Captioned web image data
□ □ □

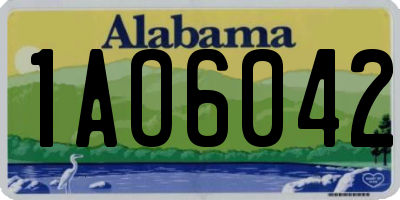 AL license plate 1AO6042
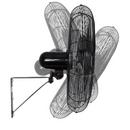 Air King America Inc 3-Blade Oscillating Wall Mount Portable Fan 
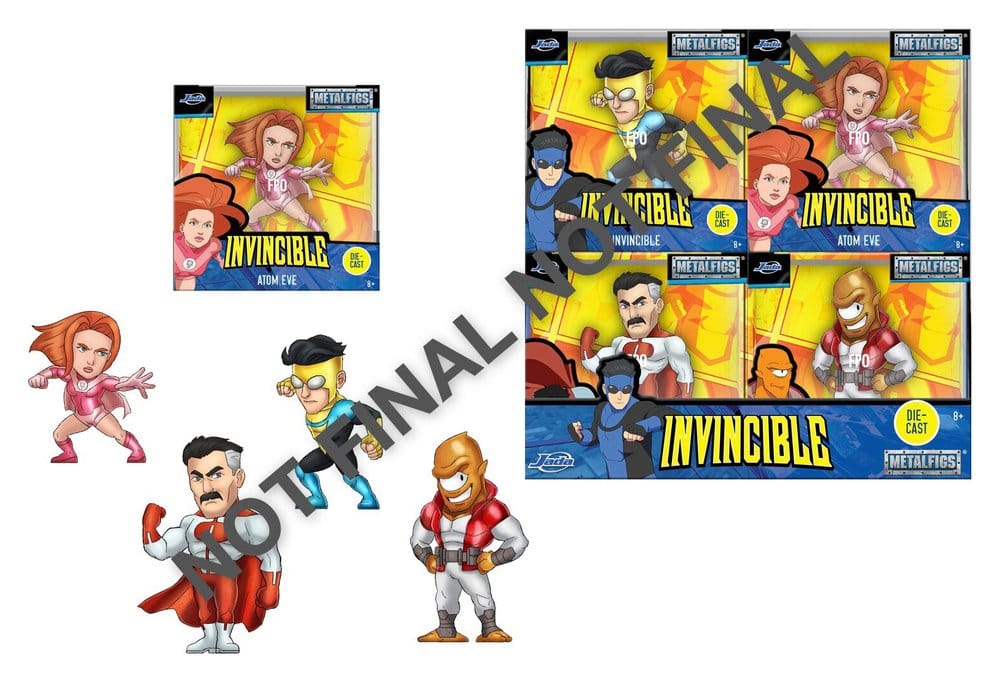 Invincible Minifiguren Wave 1 6 cm Display (12) Image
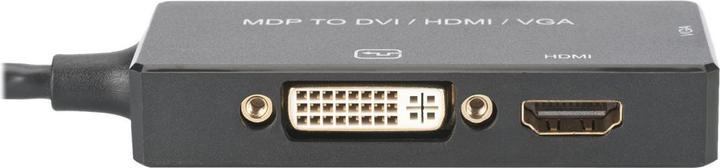 Produktbild Digitus Mini DP 3in1 conv. cable,0,2m (DVI, HDMI, Mini DP, 28.50 cm)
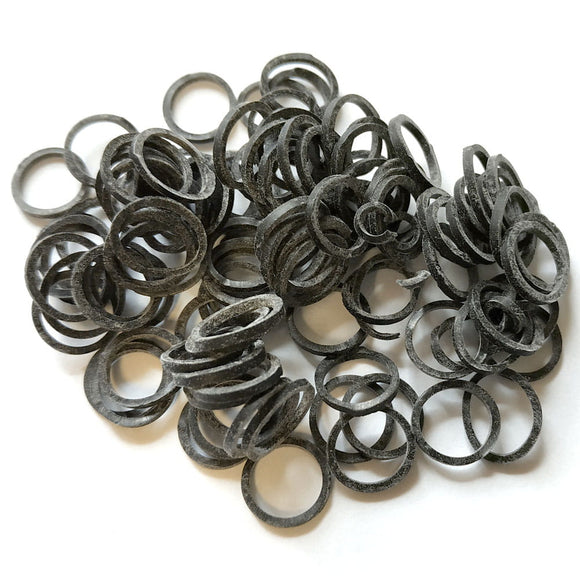 HPP Black Latex Rubber Bands – 0.8cm Diameter, Durable and Flexible, 100 Pack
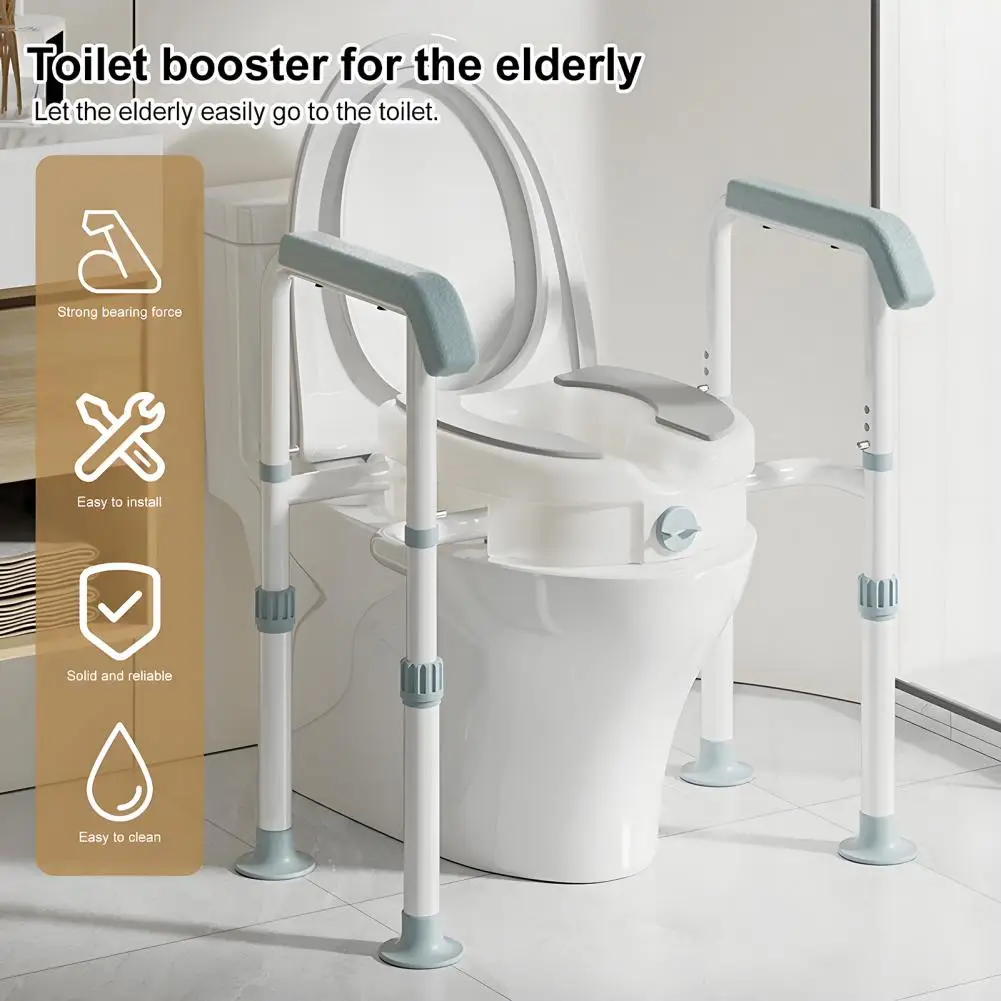 Raised Toilet Seat For Elderly Adjustable Padded Armrest Toilet Seat Risers Elevated Toilet Safety Seat Bathroom Supplies
Raised Toilet Seat For Elderly Adjustable Padded Armrest Toilet Seat Risers Elevated Toilet Safety Seat Bathroom Supplies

□ □ □

DESCRIPTION OF THE TASK
Print exactly, and print only, the lines from the line with "HPP Black Latex" through the last line of the entries, both ends included. No pictures belong in the result.

TASK RESPONSE
 HPP Black Latex Rubber Bands – 0.8cm Diameter, Durable and Flexible, 100 Pack
 Raised Toilet Seat For Elderly Adjustable Padded Armrest Toilet Seat Risers Elevated Toilet Safety Seat Bathroom Supplies
Raised Toilet Seat For Elderly Adjustable Padded Armrest Toilet Seat Risers Elevated Toilet Safety Seat Bathroom Supplies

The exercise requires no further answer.